Exactly reproduce each line of the listing that follows.

• • • • • • •

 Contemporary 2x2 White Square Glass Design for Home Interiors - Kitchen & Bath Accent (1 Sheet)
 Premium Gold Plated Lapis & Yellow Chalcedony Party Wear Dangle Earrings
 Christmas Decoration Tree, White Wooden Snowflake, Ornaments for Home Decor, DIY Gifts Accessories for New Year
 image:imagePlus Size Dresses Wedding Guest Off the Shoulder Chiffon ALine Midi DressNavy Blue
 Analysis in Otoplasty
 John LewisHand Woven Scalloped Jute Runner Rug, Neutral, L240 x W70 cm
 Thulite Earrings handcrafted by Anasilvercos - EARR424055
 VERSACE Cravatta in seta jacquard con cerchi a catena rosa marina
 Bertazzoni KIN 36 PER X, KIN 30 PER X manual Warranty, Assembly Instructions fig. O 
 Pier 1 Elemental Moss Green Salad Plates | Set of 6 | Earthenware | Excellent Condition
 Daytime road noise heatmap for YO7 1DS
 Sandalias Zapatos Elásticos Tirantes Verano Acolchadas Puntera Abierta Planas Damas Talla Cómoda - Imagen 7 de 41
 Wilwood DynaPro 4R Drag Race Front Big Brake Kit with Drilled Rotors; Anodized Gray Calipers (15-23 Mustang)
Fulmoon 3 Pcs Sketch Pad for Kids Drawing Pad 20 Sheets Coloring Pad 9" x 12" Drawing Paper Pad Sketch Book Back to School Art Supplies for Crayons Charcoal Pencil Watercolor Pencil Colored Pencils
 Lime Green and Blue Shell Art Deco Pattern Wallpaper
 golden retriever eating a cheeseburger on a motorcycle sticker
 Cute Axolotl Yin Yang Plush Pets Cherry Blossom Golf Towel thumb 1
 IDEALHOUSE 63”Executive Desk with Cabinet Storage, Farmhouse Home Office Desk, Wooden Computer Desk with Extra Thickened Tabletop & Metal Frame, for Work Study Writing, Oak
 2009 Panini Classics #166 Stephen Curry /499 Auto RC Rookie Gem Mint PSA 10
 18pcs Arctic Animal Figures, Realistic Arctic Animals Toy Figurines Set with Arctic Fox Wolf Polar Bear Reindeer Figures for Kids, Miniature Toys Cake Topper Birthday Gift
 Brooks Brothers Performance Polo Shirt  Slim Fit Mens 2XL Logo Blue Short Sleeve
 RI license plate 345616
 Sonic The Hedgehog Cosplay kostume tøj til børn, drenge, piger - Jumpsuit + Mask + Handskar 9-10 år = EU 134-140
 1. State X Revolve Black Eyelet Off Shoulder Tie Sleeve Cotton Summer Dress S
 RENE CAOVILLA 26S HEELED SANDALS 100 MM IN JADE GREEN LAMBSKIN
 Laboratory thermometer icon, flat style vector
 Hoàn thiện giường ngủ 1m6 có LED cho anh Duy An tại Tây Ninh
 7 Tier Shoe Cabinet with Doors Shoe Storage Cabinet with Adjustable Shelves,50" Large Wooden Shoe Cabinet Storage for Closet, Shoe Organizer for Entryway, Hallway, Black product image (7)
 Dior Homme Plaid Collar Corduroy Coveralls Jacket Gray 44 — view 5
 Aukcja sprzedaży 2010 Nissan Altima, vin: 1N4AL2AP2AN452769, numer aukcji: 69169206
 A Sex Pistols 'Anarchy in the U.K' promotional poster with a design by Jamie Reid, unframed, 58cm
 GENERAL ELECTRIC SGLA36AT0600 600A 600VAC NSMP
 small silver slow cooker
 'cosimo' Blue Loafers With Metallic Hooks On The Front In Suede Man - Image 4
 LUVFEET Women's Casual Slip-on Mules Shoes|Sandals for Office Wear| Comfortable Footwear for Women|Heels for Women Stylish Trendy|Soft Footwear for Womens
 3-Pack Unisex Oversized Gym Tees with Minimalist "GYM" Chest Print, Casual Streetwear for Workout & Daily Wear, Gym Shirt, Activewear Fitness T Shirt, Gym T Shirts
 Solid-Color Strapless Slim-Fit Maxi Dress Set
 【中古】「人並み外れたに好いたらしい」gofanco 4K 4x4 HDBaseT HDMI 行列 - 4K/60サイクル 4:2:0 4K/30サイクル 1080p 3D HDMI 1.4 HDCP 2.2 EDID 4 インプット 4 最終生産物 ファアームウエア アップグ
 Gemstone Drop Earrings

• • • • • • •

__Answer section__
 Contemporary 2x2 White Square Glass Design for Home Interiors - Kitchen & Bath Accent (1 Sheet)
 Premium Gold Plated Lapis & Yellow Chalcedony Party Wear Dangle Earrings
 Christmas Decoration Tree, White Wooden Snowflake, Ornaments for Home Decor, DIY Gifts Accessories for New Year
 image:imagePlus Size Dresses Wedding Guest Off the Shoulder Chiffon ALine Midi DressNavy Blue
 Analysis in Otoplasty
 John LewisHand Woven Scalloped Jute Runner Rug, Neutral, L240 x W70 cm
 Thulite Earrings handcrafted by Anasilvercos - EARR424055
 VERSACE Cravatta in seta jacquard con cerchi a catena rosa marina
 Bertazzoni KIN 36 PER X, KIN 30 PER X manual Warranty, Assembly Instructions fig. O 
 Pier 1 Elemental Moss Green Salad Plates | Set of 6 | Earthenware | Excellent Condition
 Daytime road noise heatmap for YO7 1DS
 Sandalias Zapatos Elásticos Tirantes Verano Acolchadas Puntera Abierta Planas Damas Talla Cómoda - Imagen 7 de 41
 Wilwood DynaPro 4R Drag Race Front Big Brake Kit with Drilled Rotors; Anodized Gray Calipers (15-23 Mustang)
Fulmoon 3 Pcs Sketch Pad for Kids Drawing Pad 20 Sheets Coloring Pad 9" x 12" Drawing Paper Pad Sketch Book Back to School Art Supplies for Crayons Charcoal Pencil Watercolor Pencil Colored Pencils
 Lime Green and Blue Shell Art Deco Pattern Wallpaper
 golden retriever eating a cheeseburger on a motorcycle sticker
 Cute Axolotl Yin Yang Plush Pets Cherry Blossom Golf Towel thumb 1
 IDEALHOUSE 63”Executive Desk with Cabinet Storage, Farmhouse Home Office Desk, Wooden Computer Desk with Extra Thickened Tabletop & Metal Frame, for Work Study Writing, Oak
 2009 Panini Classics #166 Stephen Curry /499 Auto RC Rookie Gem Mint PSA 10
 18pcs Arctic Animal Figures, Realistic Arctic Animals Toy Figurines Set with Arctic Fox Wolf Polar Bear Reindeer Figures for Kids, Miniature Toys Cake Topper Birthday Gift
 Brooks Brothers Performance Polo Shirt  Slim Fit Mens 2XL Logo Blue Short Sleeve
 RI license plate 345616
 Sonic The Hedgehog Cosplay kostume tøj til børn, drenge, piger - Jumpsuit + Mask + Handskar 9-10 år = EU 134-140
 1. State X Revolve Black Eyelet Off Shoulder Tie Sleeve Cotton Summer Dress S
 RENE CAOVILLA 26S HEELED SANDALS 100 MM IN JADE GREEN LAMBSKIN
 Laboratory thermometer icon, flat style vector
 Hoàn thiện giường ngủ 1m6 có LED cho anh Duy An tại Tây Ninh
 7 Tier Shoe Cabinet with Doors Shoe Storage Cabinet with Adjustable Shelves,50" Large Wooden Shoe Cabinet Storage for Closet, Shoe Organizer for Entryway, Hallway, Black product image (7)
 Dior Homme Plaid Collar Corduroy Coveralls Jacket Gray 44 — view 5
 Aukcja sprzedaży 2010 Nissan Altima, vin: 1N4AL2AP2AN452769, numer aukcji: 69169206
 A Sex Pistols 'Anarchy in the U.K' promotional poster with a design by Jamie Reid, unframed, 58cm
 GENERAL ELECTRIC SGLA36AT0600 600A 600VAC NSMP
 small silver slow cooker
 'cosimo' Blue Loafers With Metallic Hooks On The Front In Suede Man - Image 4
 LUVFEET Women's Casual Slip-on Mules Shoes|Sandals for Office Wear| Comfortable Footwear for Women|Heels for Women Stylish Trendy|Soft Footwear for Womens
 3-Pack Unisex Oversized Gym Tees with Minimalist "GYM" Chest Print, Casual Streetwear for Workout & Daily Wear, Gym Shirt, Activewear Fitness T Shirt, Gym T Shirts
 Solid-Color Strapless Slim-Fit Maxi Dress Set
 【中古】「人並み外れたに好いたらしい」gofanco 4K 4x4 HDBaseT HDMI 行列 - 4K/60サイクル 4:2:0 4K/30サイクル 1080p 3D HDMI 1.4 HDCP 2.2 EDID 4 インプット 4 最終生産物 ファアームウエア アップグ
 Gemstone Drop Earrings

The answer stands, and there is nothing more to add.